Microsoft banks on ‘excellent ties’ to open Skype

Company says VoIP service offers benefits users all over the world

  • By Naushad K. Cherrayil, Staff Reporter
  • Published: 19:11 April 8, 2013
  • Gulf News

Dubai: Local telecom providers are remaining tight-lipped even as local internet and smartphone users are still able to access their Skype connections.

UAE residents have been saying that Skype, the world’s largest Internet-based phone service, has been unblocked since the weekend after being blocked by local telecoms for years; however, questions still remain about which parts of Skype are available. Gulf News was able to access the Skype website and succeeded in making a mobile-to-mobile call to a person overseas. Computer-to-computers calls were also successful. However, our reporters were not able to successfully make mobile-to-mobile or mobile-to-landline calls inside the UAE.

Du told Gulf News in a statement that the situation with reference to Voice over Internet Protocol (VoIP) topic remains unchanged.

“That has not stopped us from offering unique VoIP solutions to our customers,” the statement said. “We are taking into consideration the growing customer interest in the VoIP area and are working on a few solutions for the UAE market.”

Etisalat did not respond to Gulf News queries.

“The only reason I think Skype has opened up in the UAE is because of Microsoft,” said Hamza Saleem, senior research analyst at IDC. “Microsoft has been trying for a long time to open it in the UAE and has good relations with governments.
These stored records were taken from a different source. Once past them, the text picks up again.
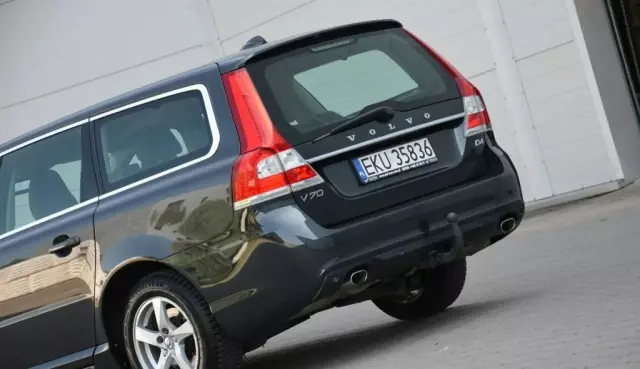 VOLVO V70 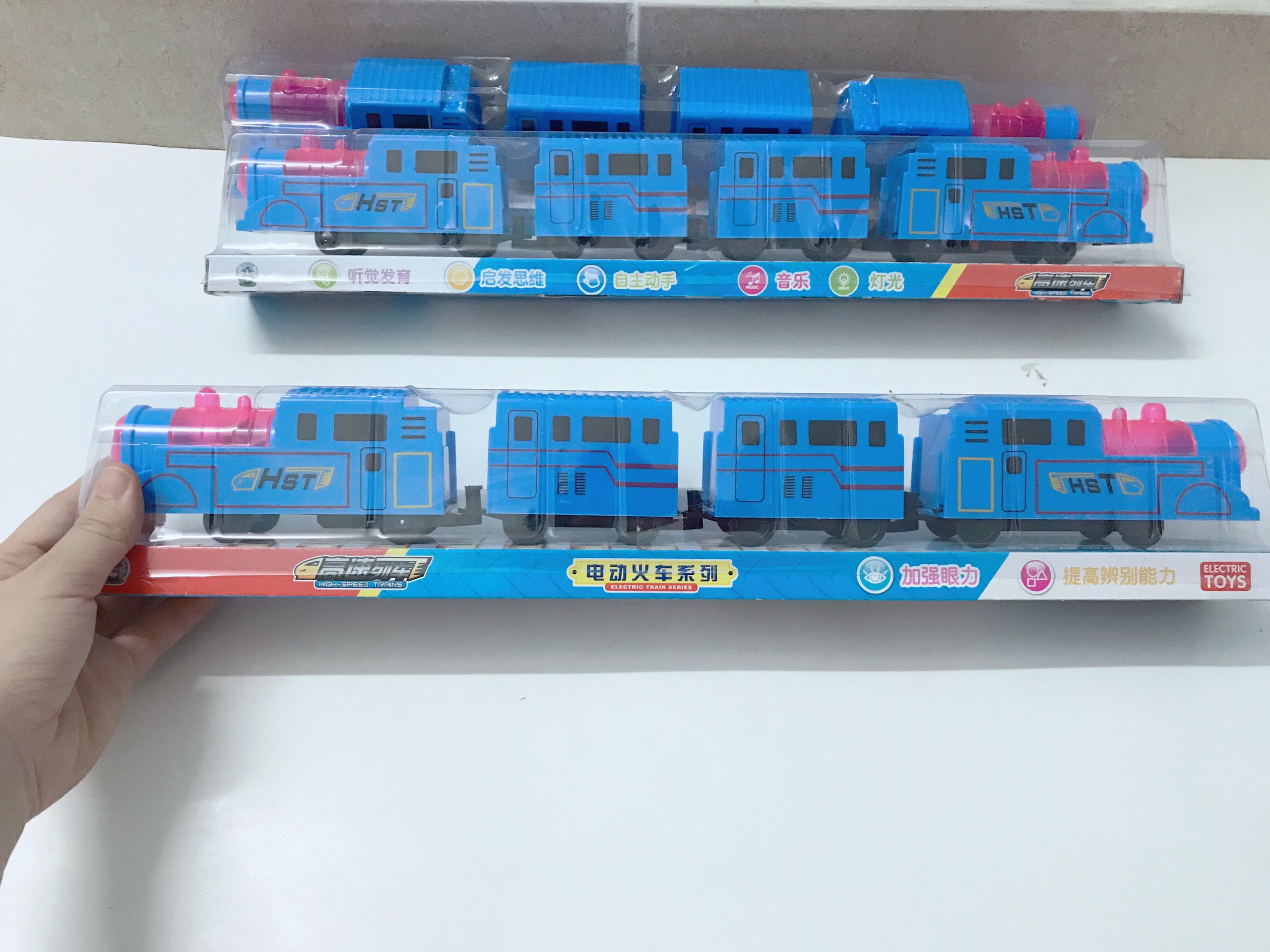 🚙ĐOÀN TÀU XE LỬA DÙNG PIN, CÓ NHẠC ĐÈN 🚙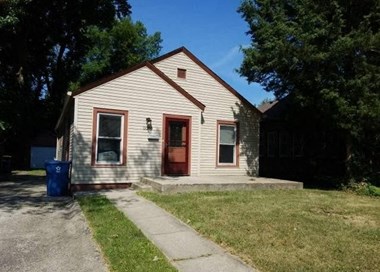 5080 Norwaldo Ave 3 Beds House for Rent - Photo Gallery 1
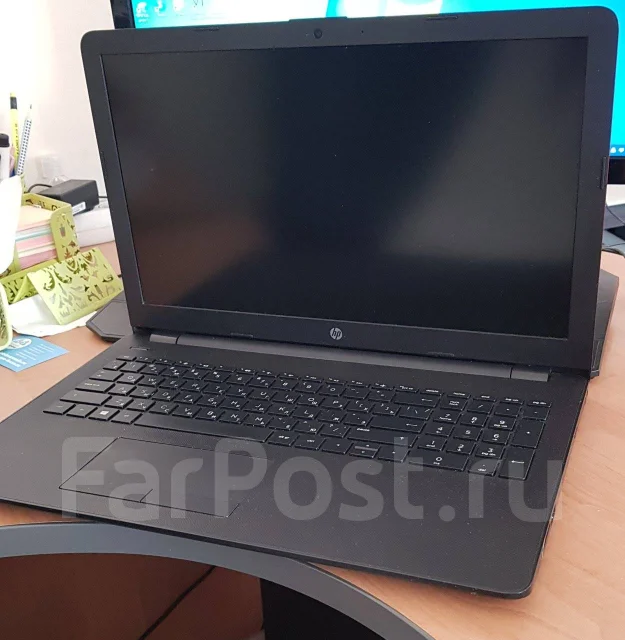HP 15-bw016ur. 15.6", 2,5����, ��� 8 ��, ���� 1 024���, WiFi: 1, Bluetooth: 1, ����������� �� 4��. ����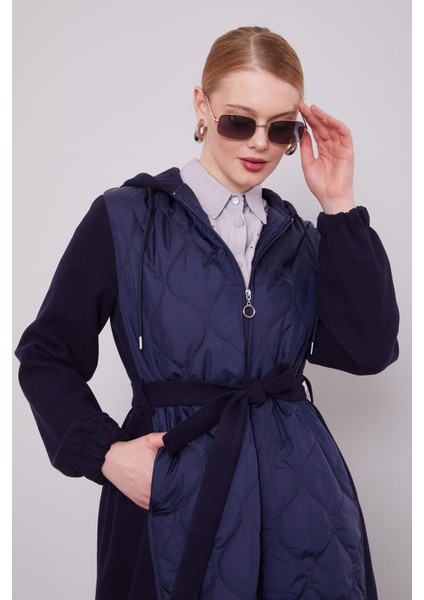 Lacivert Kaşe Detaylı Kapitone Mont modelleri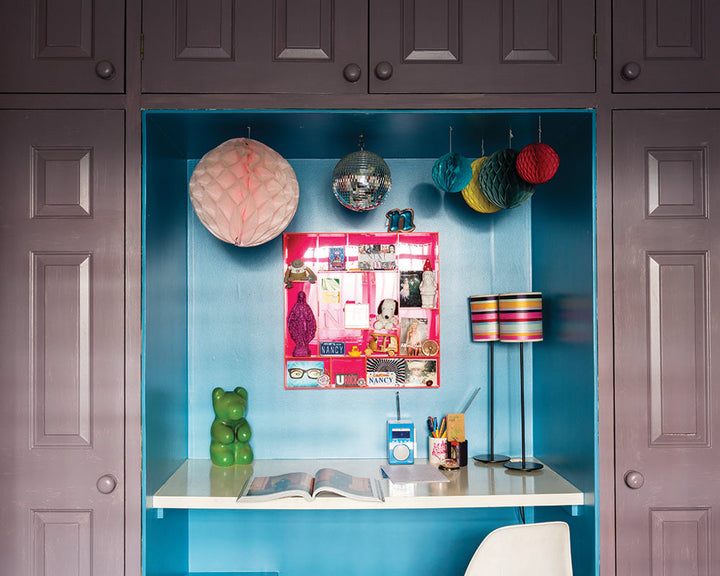 Brassica 271 paint by Farrow & Ball on the woodwork of cupboards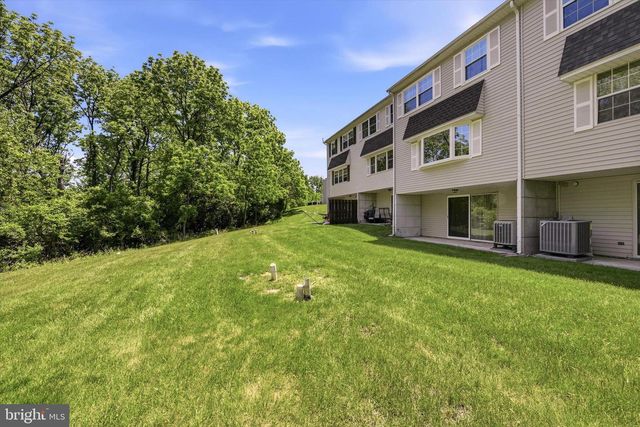 324 CARLYN CT, Downingtown, PA 19335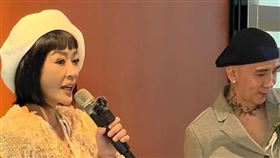 唐玲（左）1月出席作家H婚宴（圖／翻攝自臉書）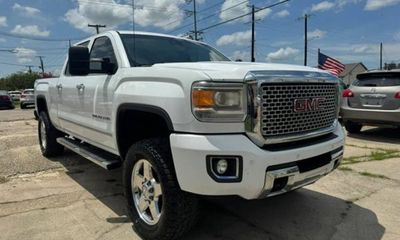 2015 GMC Sierra Denali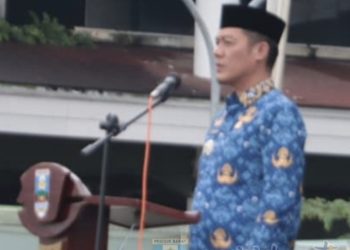 Pimpin Upacara Harkitnas, Bupati Dedi Irawan Soroti Kualitas SDM Pesisir Barat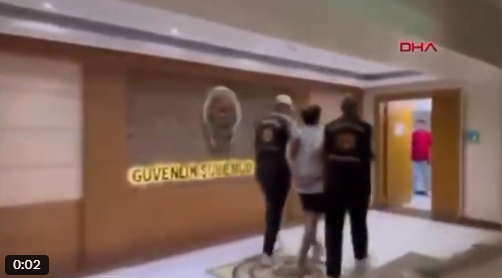 ekremas571's tweet photo. Bu görüntüye üzülenlere ve ifade özgürlüğü diyenlere; Sizin için değersiz olan başkası için hayat ve yaşam biçimi olabilir
Tanzanyada yaşayıp bir tepeye çıkıp görüşlerinizi, düşüncelerinizi, özgürlük adı altında oluşan tüm sapkın ve iğrenç fikirlerinizi özgürce paylaşabilirsiniz https://t.co/f73CtkZY8V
The US company is leveraging on its excellent ties to open Skype in the UAE.”

He said the directions had been given by the Telecommunications Regulatory Authority before and it was up to the telecom operators when they wanted to open Skype.

Microsoft, which owns Skype, has recently been urging its users to switch to Skype as soon as possible, since it is ending its Windows Live Messenger in certain parts of the world on April 8.

Du is more open to VoIP and they are the “first to open up the VoIP market, but etisalat is more stringent,” Saleem said.

Skype is open in the Du network and works very well. “We, as a company, use Skype to communicate with our international offices,” Du said.

According to an industry expert, opening Skype is not a big issue as many users have been accessing Skype in the UAE for a very long time. One telecom operator in Oman even formed an alliance with WhatsApp when they started losing SMS revenues.

“We’re passionate about the benefit that Skype offers to our users around the world, facilitating communications and enabling collaboration,” Microsoft said in a statement to Gulf News. “We work actively to promote responsible government policies around the world that enable innovation and the many benefits that internet innovations, including Skype, can deliver.”

Skype rates are much lower than the telecom operators rates in the UAE, but Saleem said: “I don’t think there will be a massive decrease in telecom operators’ revenues by opening up Skype.”

Du launched a pre-paid calling card — Hello! — in October 2010 while etisalat launched its VoIP card this year.